Could be explained by a British intervention to liberate the country against the Axis, after many setbacks for Tito's army and his death fighting overwhelming Axis forces.

Hope you like it... there are a few things I'm not too happy about, the name of the Nish 'realm', and what to do with Albanian language (official or regional).

http://enannglenn.deviantart.com/art/Commonwealth-of-Yugoslavia-115041330
:eek::eek::eek::eek::eek::eek::eek: DO GERMANY NOW!!! :D:eek::(
 
+ the rampant hegemonic attitude of Serbia first (Greater Serbia) and then Craotia (Ustashe Croatia) on the other hand.

+ the fact that Tito's Federal Republic, composed of mainly nation states failed to stay united after his death.

I wanted to try something else : a federation of smaller units compared to Tito's nation states, and with more historical signification than the Banovinas.

Oh, I was just being silly...not sure it will turn out any better, but it's not necessarily going to be _less_ stable than the mess we got OTL.

Bruce
 
A map and a bit of blather based on Gordon Eklund's "The Rising of the Sun", in the collection "Beyond Time", editor Sandra Ley.

This is a world where the Chinese discovered America in early Song times, stayed to trade but settled slowly enough for the locals to adapt, and the dominant powers in 2009 are now China and the native American states.
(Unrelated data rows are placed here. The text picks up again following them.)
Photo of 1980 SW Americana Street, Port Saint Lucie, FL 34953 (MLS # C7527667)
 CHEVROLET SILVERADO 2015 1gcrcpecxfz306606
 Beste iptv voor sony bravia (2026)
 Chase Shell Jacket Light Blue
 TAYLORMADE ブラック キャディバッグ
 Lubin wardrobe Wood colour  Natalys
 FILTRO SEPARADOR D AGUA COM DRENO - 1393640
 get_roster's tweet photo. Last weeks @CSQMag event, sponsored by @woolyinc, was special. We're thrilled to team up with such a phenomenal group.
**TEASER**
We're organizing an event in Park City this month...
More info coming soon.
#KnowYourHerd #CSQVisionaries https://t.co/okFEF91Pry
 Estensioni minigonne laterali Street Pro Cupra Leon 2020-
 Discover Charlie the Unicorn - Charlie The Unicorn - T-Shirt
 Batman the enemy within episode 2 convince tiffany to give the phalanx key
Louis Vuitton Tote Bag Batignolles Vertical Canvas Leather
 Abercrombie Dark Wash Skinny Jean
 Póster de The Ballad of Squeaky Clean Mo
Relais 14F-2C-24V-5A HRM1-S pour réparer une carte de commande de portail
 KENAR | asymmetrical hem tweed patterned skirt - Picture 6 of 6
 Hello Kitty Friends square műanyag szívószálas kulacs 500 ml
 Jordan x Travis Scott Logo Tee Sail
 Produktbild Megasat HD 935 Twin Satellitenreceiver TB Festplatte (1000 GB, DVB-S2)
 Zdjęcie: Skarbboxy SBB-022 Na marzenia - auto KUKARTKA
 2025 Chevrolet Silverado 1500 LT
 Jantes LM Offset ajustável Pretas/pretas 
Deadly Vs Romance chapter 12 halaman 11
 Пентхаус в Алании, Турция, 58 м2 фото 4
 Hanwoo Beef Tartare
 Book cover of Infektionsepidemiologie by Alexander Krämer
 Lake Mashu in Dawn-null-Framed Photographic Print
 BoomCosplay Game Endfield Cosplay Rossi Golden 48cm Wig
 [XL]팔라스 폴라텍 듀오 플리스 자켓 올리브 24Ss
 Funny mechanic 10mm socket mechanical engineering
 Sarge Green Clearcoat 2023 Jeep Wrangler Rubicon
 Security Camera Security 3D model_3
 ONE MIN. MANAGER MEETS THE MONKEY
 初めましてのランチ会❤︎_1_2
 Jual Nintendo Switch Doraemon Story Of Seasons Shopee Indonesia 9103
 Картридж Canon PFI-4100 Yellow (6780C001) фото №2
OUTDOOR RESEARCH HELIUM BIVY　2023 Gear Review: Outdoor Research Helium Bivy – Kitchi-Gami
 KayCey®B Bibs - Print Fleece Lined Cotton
China is no. 1: to the Chinese, Europe, Africa, and west Asia are little more than an amusing ethnographic zoo, and currently far more interest is focused on the Mars expedition rather than who is at war with who in Europe or Africa. More noteworthy are the native American states, which in some ways are _more_ technologically advanced than China: it was the Great-Lakes centered federation that first developed an atom bomb during their long mid-century war with the Mexica empire. However, the relatively small populations of the Amerindian states means that China still has a far larger economy than any of them (heck, none of them can afford a space program as fancy as the Chinese, leading some Chinese skeptics to suggest the whole space program is just a bunch of national powdered rhinocerous horn).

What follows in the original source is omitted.